Vic Wright is a sculptor from North West England. She studied Fine Art at the University of Humberside and now works from her studio in Manchester, we visited Vic to learn more about her story and her work.
Tell us about of your creative journey in becoming a full-time sculptor.
After finishing my degree I moved to London. I planned to work part-time to support myself financially and continue with my work. I secured studio space in the Cockpit Studios in Deptford, and I got a job at Darbyshire Framers, (Darbyshire are the go-to framers for leading contemporary artists). As part of my role there, I got to visit the studios of artists such as Jenny Saville whose work I greatly admire. However, part-time turned into full-time and after 11 years, and starting a family, we decided to move back North, so I could to focus on my work full-time.

Vic Wright's studio

What other artists and sculptors do you admire and why?
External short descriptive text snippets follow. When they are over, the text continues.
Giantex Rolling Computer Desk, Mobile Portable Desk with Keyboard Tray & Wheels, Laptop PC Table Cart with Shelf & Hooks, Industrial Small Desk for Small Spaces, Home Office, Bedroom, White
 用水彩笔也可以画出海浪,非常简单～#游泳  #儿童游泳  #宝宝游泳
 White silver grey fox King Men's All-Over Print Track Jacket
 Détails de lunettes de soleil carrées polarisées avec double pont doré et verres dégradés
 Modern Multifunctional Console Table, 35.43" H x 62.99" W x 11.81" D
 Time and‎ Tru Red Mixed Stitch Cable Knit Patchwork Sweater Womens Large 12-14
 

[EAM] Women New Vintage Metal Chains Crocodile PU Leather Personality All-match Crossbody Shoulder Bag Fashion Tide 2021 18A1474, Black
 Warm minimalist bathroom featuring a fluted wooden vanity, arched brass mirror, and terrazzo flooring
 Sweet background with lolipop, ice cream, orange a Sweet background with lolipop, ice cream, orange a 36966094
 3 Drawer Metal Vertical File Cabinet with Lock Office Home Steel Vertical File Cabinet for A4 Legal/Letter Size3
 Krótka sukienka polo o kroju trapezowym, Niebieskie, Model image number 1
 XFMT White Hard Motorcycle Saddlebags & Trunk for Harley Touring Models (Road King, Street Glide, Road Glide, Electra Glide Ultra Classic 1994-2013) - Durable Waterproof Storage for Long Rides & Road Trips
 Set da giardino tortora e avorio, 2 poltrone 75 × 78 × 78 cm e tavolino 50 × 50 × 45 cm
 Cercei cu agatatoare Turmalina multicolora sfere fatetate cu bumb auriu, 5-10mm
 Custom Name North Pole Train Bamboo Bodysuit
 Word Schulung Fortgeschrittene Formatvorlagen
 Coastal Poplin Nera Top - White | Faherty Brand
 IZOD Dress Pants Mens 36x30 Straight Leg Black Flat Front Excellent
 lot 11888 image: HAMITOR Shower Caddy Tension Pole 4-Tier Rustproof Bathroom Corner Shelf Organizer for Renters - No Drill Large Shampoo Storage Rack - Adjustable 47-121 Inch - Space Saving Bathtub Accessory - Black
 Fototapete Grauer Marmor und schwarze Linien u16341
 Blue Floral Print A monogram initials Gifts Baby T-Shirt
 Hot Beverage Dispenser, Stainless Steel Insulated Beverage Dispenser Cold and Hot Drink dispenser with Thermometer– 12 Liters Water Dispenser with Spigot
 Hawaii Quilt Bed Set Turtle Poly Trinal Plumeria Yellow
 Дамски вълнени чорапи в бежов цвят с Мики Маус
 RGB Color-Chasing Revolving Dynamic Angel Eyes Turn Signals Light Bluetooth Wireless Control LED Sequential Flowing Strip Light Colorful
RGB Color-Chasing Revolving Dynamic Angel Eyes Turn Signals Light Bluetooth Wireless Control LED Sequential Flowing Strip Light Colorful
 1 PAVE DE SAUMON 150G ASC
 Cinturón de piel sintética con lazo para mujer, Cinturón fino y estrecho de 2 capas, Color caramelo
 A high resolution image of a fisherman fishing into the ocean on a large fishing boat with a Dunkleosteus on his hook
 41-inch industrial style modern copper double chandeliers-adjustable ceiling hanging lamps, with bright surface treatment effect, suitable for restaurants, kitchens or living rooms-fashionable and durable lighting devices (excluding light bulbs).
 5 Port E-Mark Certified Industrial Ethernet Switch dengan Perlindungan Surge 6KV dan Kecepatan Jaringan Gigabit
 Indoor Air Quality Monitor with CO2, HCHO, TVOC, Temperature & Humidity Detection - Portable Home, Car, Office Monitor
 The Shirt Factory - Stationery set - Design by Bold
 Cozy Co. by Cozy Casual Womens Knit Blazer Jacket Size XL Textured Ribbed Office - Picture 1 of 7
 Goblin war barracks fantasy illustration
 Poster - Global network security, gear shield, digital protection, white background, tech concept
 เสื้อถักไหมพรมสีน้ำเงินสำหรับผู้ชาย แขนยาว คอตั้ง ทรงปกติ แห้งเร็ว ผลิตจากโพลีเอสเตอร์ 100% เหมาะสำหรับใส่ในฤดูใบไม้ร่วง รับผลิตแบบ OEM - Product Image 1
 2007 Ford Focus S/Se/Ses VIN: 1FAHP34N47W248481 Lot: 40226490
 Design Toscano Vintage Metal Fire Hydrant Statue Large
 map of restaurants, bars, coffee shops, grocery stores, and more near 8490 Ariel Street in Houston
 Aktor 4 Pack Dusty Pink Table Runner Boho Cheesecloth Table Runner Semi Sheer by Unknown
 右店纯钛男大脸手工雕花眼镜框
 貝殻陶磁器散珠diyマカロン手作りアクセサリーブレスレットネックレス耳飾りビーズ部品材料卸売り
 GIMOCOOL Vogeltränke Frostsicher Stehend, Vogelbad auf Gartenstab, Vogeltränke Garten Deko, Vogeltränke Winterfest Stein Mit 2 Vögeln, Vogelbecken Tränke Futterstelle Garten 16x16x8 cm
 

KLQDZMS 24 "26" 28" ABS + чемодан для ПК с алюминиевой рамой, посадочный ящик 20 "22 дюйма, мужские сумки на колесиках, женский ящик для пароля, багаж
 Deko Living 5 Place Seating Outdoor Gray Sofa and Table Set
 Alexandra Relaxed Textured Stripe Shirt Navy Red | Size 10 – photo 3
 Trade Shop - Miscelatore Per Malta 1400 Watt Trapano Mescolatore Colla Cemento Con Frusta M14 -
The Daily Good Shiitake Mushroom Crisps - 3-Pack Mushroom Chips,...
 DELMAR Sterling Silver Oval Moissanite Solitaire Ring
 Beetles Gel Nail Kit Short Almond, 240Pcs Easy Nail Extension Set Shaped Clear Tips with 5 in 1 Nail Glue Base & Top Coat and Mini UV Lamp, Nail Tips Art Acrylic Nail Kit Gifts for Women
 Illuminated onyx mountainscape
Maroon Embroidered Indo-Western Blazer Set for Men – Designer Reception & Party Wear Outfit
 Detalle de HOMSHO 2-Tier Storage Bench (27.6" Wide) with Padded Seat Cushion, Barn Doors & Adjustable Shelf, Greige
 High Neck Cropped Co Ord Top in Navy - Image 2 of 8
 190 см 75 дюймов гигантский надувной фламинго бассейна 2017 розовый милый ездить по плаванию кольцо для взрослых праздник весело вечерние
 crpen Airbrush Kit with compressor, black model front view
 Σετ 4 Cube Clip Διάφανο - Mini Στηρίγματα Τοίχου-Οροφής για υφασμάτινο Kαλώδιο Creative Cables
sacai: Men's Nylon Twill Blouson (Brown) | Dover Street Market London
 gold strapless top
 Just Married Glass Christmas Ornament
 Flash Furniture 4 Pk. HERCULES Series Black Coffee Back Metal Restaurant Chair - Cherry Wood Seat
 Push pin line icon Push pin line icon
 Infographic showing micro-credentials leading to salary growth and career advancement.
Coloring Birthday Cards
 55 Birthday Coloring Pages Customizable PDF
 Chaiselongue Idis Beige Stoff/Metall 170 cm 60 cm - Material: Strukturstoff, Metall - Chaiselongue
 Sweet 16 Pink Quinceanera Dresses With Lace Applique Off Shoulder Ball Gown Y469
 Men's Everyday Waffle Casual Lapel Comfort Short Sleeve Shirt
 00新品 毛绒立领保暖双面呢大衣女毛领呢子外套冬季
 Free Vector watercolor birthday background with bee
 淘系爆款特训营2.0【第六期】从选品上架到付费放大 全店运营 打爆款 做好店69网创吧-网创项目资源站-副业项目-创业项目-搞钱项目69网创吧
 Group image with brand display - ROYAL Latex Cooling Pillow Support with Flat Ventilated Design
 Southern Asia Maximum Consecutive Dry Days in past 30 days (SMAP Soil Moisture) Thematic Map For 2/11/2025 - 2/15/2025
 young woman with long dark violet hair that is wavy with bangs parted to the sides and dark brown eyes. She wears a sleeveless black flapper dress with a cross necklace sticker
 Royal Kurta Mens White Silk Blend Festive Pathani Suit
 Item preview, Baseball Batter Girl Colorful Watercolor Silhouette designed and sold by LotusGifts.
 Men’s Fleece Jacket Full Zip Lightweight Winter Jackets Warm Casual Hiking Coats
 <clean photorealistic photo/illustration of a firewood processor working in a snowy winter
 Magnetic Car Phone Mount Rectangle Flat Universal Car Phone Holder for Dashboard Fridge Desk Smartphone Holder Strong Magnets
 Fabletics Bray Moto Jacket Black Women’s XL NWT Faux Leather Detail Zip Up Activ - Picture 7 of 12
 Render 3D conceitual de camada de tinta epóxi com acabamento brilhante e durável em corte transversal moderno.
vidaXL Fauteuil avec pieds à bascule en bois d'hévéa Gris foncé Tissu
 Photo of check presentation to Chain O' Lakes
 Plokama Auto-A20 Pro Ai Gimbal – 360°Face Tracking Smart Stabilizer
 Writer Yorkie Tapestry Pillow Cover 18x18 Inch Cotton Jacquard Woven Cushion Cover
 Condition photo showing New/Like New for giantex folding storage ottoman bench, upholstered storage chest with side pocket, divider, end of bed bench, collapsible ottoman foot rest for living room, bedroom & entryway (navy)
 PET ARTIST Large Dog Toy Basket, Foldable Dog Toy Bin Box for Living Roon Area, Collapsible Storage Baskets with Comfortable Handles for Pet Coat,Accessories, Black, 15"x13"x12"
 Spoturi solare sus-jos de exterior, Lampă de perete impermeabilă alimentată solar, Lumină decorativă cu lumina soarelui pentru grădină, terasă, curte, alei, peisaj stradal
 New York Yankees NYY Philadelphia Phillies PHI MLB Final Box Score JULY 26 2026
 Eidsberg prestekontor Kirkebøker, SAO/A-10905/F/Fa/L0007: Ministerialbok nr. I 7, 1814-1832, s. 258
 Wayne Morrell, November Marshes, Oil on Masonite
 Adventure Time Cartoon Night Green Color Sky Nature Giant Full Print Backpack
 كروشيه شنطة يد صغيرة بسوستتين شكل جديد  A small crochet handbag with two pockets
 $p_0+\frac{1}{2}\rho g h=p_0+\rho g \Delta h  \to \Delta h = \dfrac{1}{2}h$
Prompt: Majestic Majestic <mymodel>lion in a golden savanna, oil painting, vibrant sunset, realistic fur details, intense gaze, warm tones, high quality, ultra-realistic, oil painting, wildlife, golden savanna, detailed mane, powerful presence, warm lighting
 I really love the work for Rachel Whitehead, Barbara Hepworth, Eva Hesse and Louise Bourgeois. Subconsciously all my favourite artists and sculptors are women. This is surprising as only 20% of all work shown in major galleries is by women. My mother is also a huge influence on me as at 40 (when I was 14) she went back to college to study, becoming an art lecturer and life drawing teacher. 


What inspires your work?

I am influenced in how nature displays beauty in difference. I want to capture the differences between contrasting elements, to create a visual language between materials. My work evokes the natural world, only amplified, distorted and moulded to give new context. I use industrial materials to create delicate tactile results, which is a common thread throughout my work. I love this contradiction.   

Tell us about your process.

Typically my work takes the form of casts. Using a base of fine casting cement, different materials such as metal powders and pigments are then added. When drying this results in different textures, colours and surfaces.

Any advice you'd give someone considering becoming a full time artist? 

Remember the creative part, making the work is only 50% of the job. Essentially you are running your own business which requires skills such as marketing, accounting, social media and SEO. Often creative businesses start up as a side hustle. I did lots of workshops and online courses to learn the "other" parts of my business, particularly on how to find and sell to my customers.

How do you want other people to feel about your work?

 I love feedback. I often work in solitude, so when my work gives people joy and they want it in their homes, I feel incredibly proud. So I guess I want to make people feel happy!

What's next?

 I'm always learning and developing my work, so essentially I just want to keep moving forward. I love what I do!